Origins - Part 7: The Final Immigrants
May 05, 2019
CYCLING & TRAVEL

The title of this post is a little misleading. As far as my family is concerned, my mother’s ancestors were the last to reach North America, arriving around the year 1900. My father’s family, however, was a full three-quarters Colonial. By the middle-to-late seventeenth century, my father’s early grandparents living in America numbered almost four hundred, but the ancestors of his paternal grandmother were still in Europe, and would not arrive for another two centuries, more or less.

Her name was Sarah Strang, my great-grandmother and the spouse of my great-grandfather Alfred Ayers, and she and Alfred spent their entire lives living in the small, pleasant communities of western New York. Unfortunately, I do not know much about her, apart from the fact that she worked as a pastry chef at various small cafes. Her parents were Lena Yensan and Louis Strang, who both had crossed the Atlantic with their families, Lena at the age of sixteen and Louis at the young age of thirteen months.
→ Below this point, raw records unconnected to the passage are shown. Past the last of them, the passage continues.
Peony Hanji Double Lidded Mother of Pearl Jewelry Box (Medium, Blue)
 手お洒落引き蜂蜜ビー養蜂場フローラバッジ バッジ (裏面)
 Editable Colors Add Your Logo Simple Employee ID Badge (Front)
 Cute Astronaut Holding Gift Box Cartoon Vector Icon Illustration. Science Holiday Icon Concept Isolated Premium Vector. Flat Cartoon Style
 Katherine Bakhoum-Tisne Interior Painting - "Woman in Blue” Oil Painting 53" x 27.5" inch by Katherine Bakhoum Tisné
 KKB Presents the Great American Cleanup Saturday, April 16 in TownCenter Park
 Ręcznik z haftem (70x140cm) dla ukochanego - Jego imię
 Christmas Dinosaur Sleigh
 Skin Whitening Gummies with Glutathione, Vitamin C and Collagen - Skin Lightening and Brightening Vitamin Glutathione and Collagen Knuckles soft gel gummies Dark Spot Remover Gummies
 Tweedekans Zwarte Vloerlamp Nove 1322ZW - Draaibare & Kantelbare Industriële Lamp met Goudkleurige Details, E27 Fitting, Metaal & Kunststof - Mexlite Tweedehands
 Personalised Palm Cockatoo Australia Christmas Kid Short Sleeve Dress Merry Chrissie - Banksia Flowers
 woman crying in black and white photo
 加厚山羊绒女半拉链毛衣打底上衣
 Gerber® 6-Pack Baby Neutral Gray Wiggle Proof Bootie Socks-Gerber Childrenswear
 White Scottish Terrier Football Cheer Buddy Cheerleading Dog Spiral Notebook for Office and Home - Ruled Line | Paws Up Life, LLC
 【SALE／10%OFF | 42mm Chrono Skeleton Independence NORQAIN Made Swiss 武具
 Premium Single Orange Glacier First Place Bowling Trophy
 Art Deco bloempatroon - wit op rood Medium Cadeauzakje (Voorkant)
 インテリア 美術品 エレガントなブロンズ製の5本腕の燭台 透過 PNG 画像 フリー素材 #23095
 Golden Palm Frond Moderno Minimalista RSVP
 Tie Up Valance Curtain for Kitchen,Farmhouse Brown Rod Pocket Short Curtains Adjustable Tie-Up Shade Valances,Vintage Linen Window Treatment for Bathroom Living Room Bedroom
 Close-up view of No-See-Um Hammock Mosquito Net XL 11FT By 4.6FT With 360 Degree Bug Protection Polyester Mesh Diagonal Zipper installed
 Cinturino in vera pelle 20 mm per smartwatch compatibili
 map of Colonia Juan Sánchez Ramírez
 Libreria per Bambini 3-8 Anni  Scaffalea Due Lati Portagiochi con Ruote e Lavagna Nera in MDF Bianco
The Strangs arrived first, in May 1842, after crossing on a ship named Argo, and the Yensans followed in February 1862, on board the Lord Brougham.

 Lord Brougham
The immigrant ship, Lord Brougham

Leading the Strang family were Louis’s parents, another Louis Streng and Magadalena Treiber. On the Yensan line the heads of the family were Christopher Yensan and Dorothy Goldorf. I have previously written about their lives once they settled in Erie County, New York, including Christopher’s and Louis junior’s service during the U.S. Civil War. I also knew, more or less, from where the families originated in Europe, the Strengs coming from Alsace, and the Yensans from Mecklenburg, on the Baltic coast of Germany, and for a long time I was content to let the story end at that point. However, once I had successfully filled in most of the other parts of my father’s tree back into the seventeenth century, and beyond, the big, empty gap extending back from Sarah Strang became a real thorn in my side.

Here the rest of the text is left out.